By Christofer B.
Engineering for Social Change is a class I knew would be different, but I had no idea what to really expect. Most engineering classes have the same mantra: to make something bigger, better, faster, stronger, etc; however, this class taught me to pay more attention to the impact of everything we make. Any and everything we make not only makes tasks easier and more efficient, but socially change society for better or worse.
The ISCC project put us in a place to identify an issue and fix it, like any other project. However this project showed me that catering to group in question, the customer, is the most important aspect of the task. No matter what kind of performance numbers the product can pull, in the end, if it doesn’t cater to the customer at hand, the product is useless. Several guest speakers attended our class to remind us of this fact every week. One of our guest speakers drilled it home when she requested us to cater our products to a single persona, a person with a real issue, a family, even a name. And, this exercise really allowed us to have a stronger understanding of the problem and more empathy for the people we’re trying to help, far more effective just reading statistics. Taking it further, we vowed to speak and interact with people that pertained to our ISCC project. Within my group’s ISCC project, we had to find a solution to improve access to water for Syrian refugees in Lebanon. While we couldn’t get the chance to talk to a Syrian refugee, simply talking to someone from Lebanon about the issue granted us a wealth of understanding in a way that random articles couldn’t convey. Simply hearing their story let me know that all of these engineering problems are more than a set of numbers.

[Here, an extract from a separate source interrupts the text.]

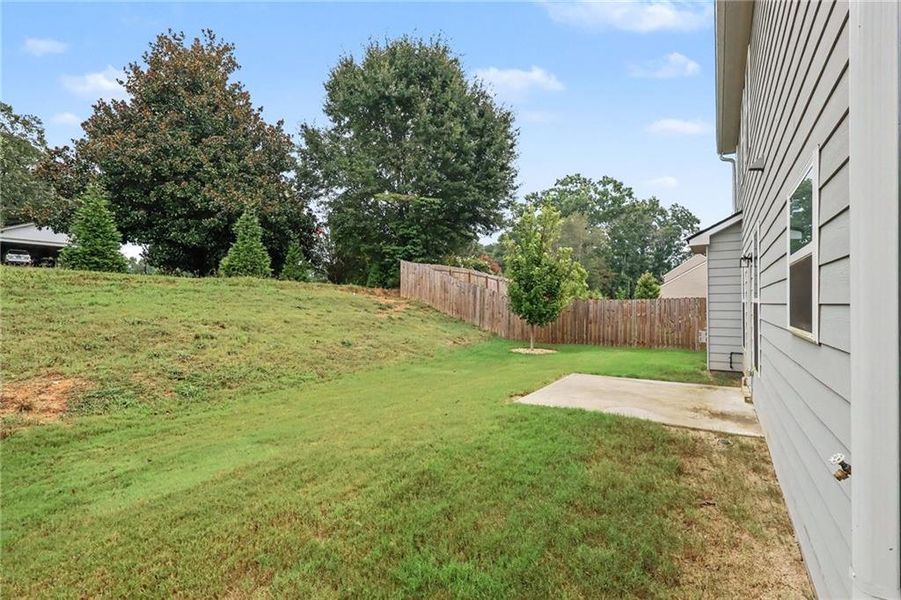 Exterior details and patio area of a home in Old Lost Mountain Estates, Powder Springs (Image 22).
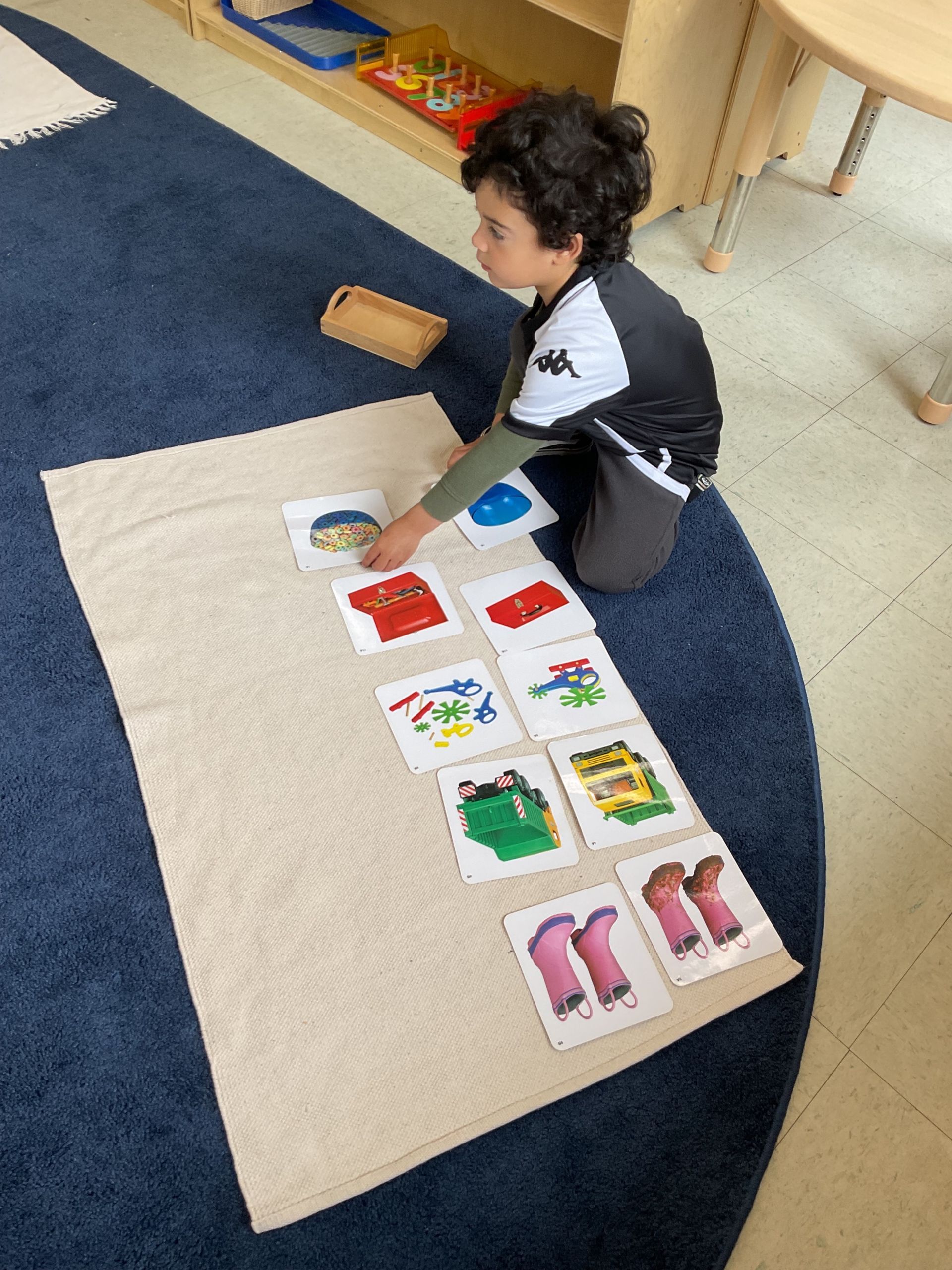 montessori child working with sensorial activity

Beyond that, this course showed how incredible technology could send society towards a bad direction. The constant increase of automation could show a huge shift in the labor force around the world, and that it’s up to the engineers to make sure the world doesn’t head in that direction. That lecture quickly made me rethink what I thought of self-driving cars. Before, I only thought of the positives of the concept, but the possibility of putting the entire driving force; taxis, buses, and trucks; is a huge deal since it covers over three million people. Taking the idea further, I began to think about how each and every product I owned affected change in myself. One small example included how I missed making mixed CDs and sharing with my friends, but the invention of MP3 player removed the necessity of the CD altogether, reducing overall social interaction. Something so small had a larger effect on how often I interacted with people, and larger products can carry a much higher social impact with them.
I enjoyed this class to the point that I couldn’t believe that it was just an elective. Having an eye opening class like this in the roster should be experienced by everyone. If all the engineers have a responsibility on their shoulders to make sure the world doesn’t fall apart, then every engineer needs to take a class like this.